Letting go of Tulsa Zoo giraffe Georgina won't be easy
by: MATT GLEASON World Scene Writer
8/31/2008 12:00 AM

Georgina the giraffe didn't much like the rain, not even a trickle from a rogue cloud. Even big girls — and we're talking 15-footers — don't like it when the sky cries.

"Let me in," Georgina would practically tell her longtime keeper Eric Flossic, as she waited to enter her barn at the Tulsa Zoo.

Ordinarily, Georgina was a "princess," Flossic said, who wouldn't enter her towering palace through its narrow holding chute. Rather, Georgina preferred the wide-open south door.

If the lightest trickle fell on Georgina's crown of horns, well, you should have seen that princess hoof it through the chute.

Georgina's man, Samburu, or "Sam," as everybody calls him, doesn't mind the rain, or the chute, for that matter. He just wanted to be near his girl.

"He was just really sweet on her," Flossic said.

Although Georgina was the older woman by six years, she was 3 feet shorter than Sam, so most zoo patrons figured Sam was her daddy. When Flossic explained their relationship to guests, ladies always liked that Georgina (who would have been 22 in October) found a younger man.

And they were good together, Sam and Georgina, for most of Sam's 16 years. For instance, if Georgina needed to scratch a hard-to-reach place on her long, spotted back, she'd use Sam's tail as a makeshift scratching post.

"Of course, Sam didn't mind," Flossic said. "Sometimes he would back up towards her, just so she could itch on him."

In the late '90s, the couple had two baby girls, who came into this world about 6 feet tall. The children had to go to other zoos, though. Earlier this decade, Georgina and Sam were separated during a two-year breeding restriction. It ensured the couple didn't over-represent the population, Flossic explained. Still, the two lovers were often seen nuzzling over the high fence.

Eventually, it came time for the couple to try for another child, beginning in February 2007. Flossic isn't sure when Georgina became pregnant, but last September she weighed a normal 1,700 or so pounds. But by August this year, she weighed in at roughly 2,100 pounds. "A good sign" for a pregnant mama, Flossic said.

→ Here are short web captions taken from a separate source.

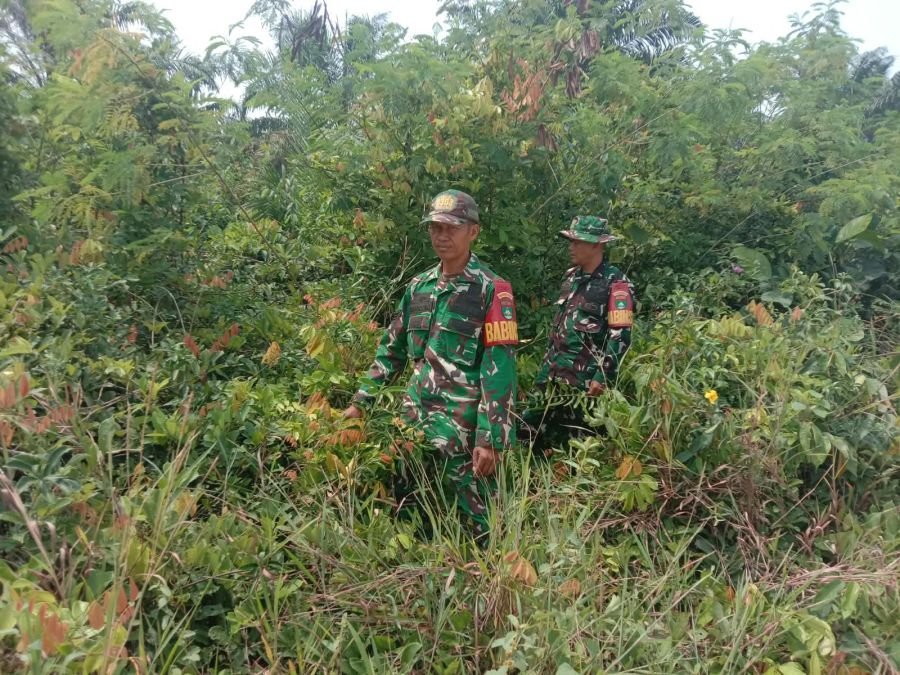 PATROLI RUTIN KARHUTLA DI JALAN TEGAR, PEMATANG PUDU DIPASTIKAN AMAN DARI TITIK API
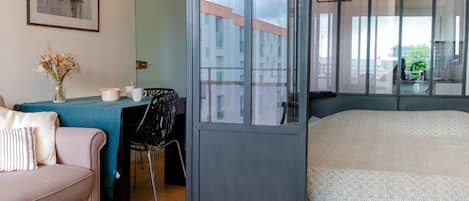 Travel cot, free WiFi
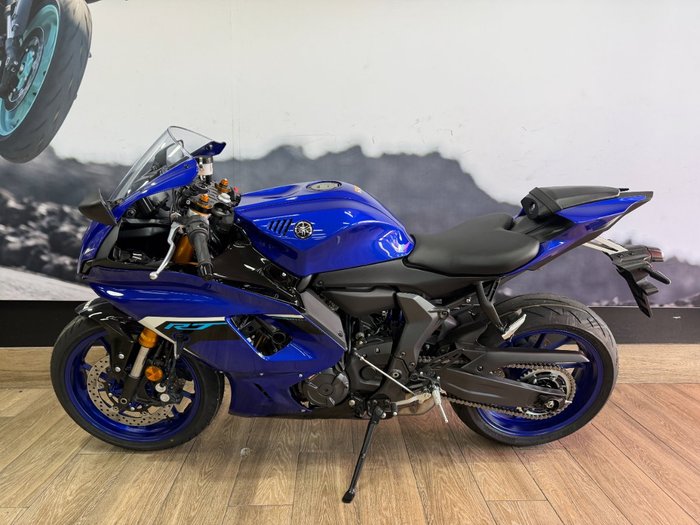 2025 Yamaha YZF-R7LA BLUE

Giraffe pregnancies last 15 months, so Georgina still had a few months left to carry her baby. In preparation for the impending birth, Flossic and company child-proofed the giraffes' yard with narrow stock panels just for the baby. And to make sure the child had a soft landing when it entered this world, the keepers had 20 or 30 bags of wood shavings ready to coat the barn's cold, rough floor.

"We were waiting to be proud parents," Flossic recalled.

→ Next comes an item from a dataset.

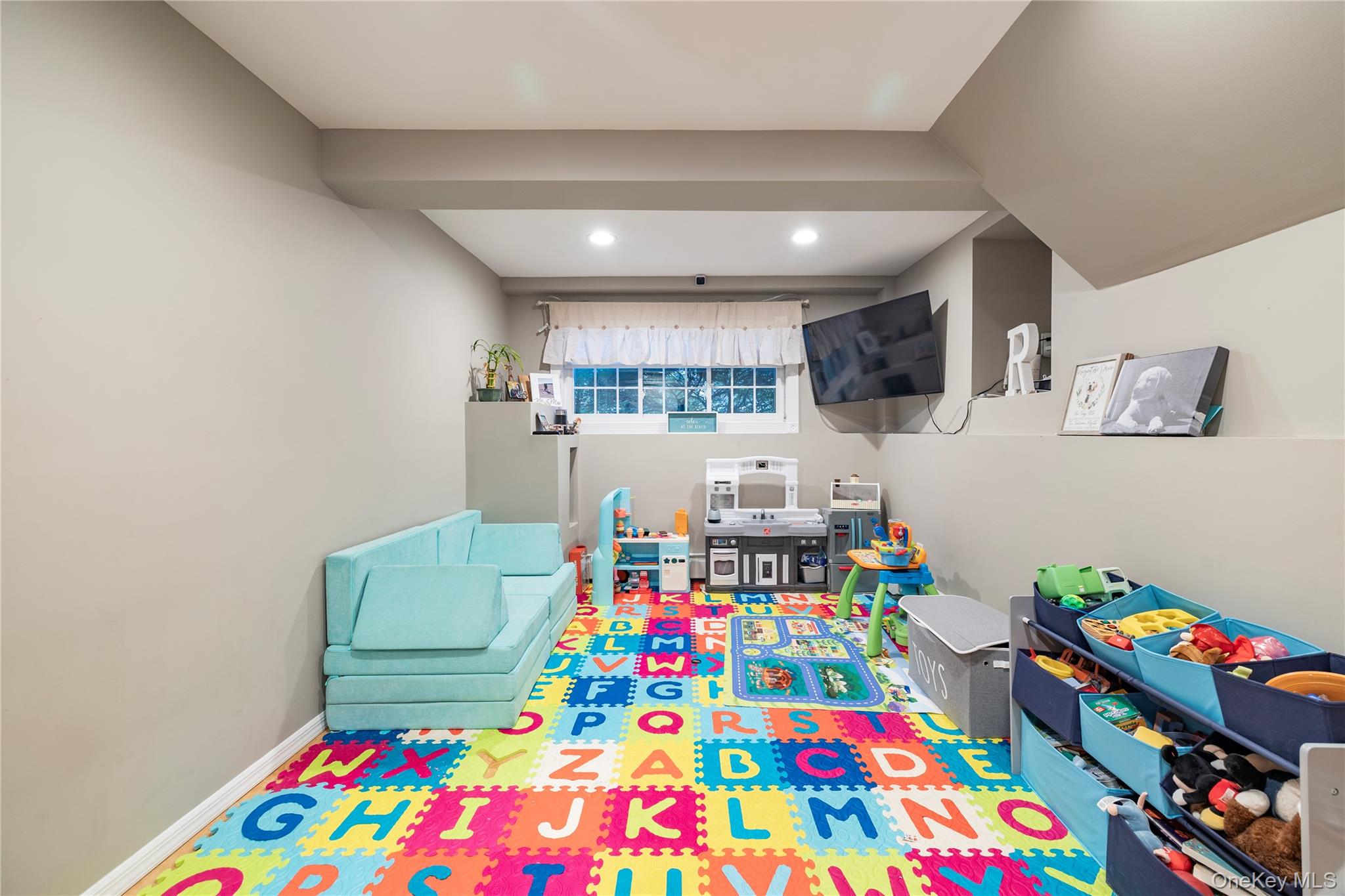 137 Willard Avenue, Farmingdale, NY 11735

But the baby came early. Too early.

In mid-August, Flossic watched from the barn's catwalk as Georgina birthed her premature baby. Then he saw Georgina crane her serpentine neck low over the child and realize it wasn't breathing — and never would.

In the days that followed, zookeeper Trent Veppert noticed that Georgina held her head lower than usual. "It seemed like she grieved a little," Veppert said.

Giraffes, like most wild animals, don't show weakness for fear of predators, so Georgina tried to act normal. But Flossic knew she wasn't herself. Something was wrong, but he tried to stay optimistic.

Then, less than two weeks after Georgina's baby died, Flossic's telephone rang on his day off. When he answered the call Saturday afternoon, Karen Dunn, the large mammal curator, told him: "I'm really sorry. I just want to let you know we lost Georgina today."

Complications from childbirth. A half-hour later, Flossic was at Georgina's side.

"I had my hand on her," he recalled of that quiet moment in the barn, "and basically told her that I loved her and I would miss her. I was sorry for everything that happened."

Flossic worked with Georgina for seven years, but he had to snap out of it. There was still work to do.

"Since it's a job," he explained, "you try as much as you can to be as professional as possible."

Debra Bastin, however, a keeper who cared for Georgina for several months, couldn't fend off her emotions.

"I, unfortunately, wasn't as professional," she said. "I was very physically upset. I still can't believe it."

Once Flossic left the zoo that night, his cheeks were still dry. It wasn't until he pulled into his garage and let the door shut behind him that he allowed himself to let go.

"It wouldn't make it any easier on anybody else to be an emotional basket case," he recalled. "I don't know how I did it. It was almost like when the door closed, it was like closure. I could be myself and let it out."

Then he made his way into the house, where his wife, Seana, a penguin keeper at the zoo, waited with his favorite dinner. Eric had Seana that day, but Sam didn't have Georgina.

"Even today, he's still looking for her," Flossic said, as Sam looked on from high above. "There's still times he's checking around corners, just kind of glancing to see where she's at."

Georgina's body is dust now, but at least in Flossic's mind, she'll forever be the princess who hated the rain.

Copyright © 2008, World Publishing Co. All rights reserved

1 comment:

Anonymous said...

That's the most touching story about a giraffe I've ever read. Written so beautifully that I'm missing Georgina too.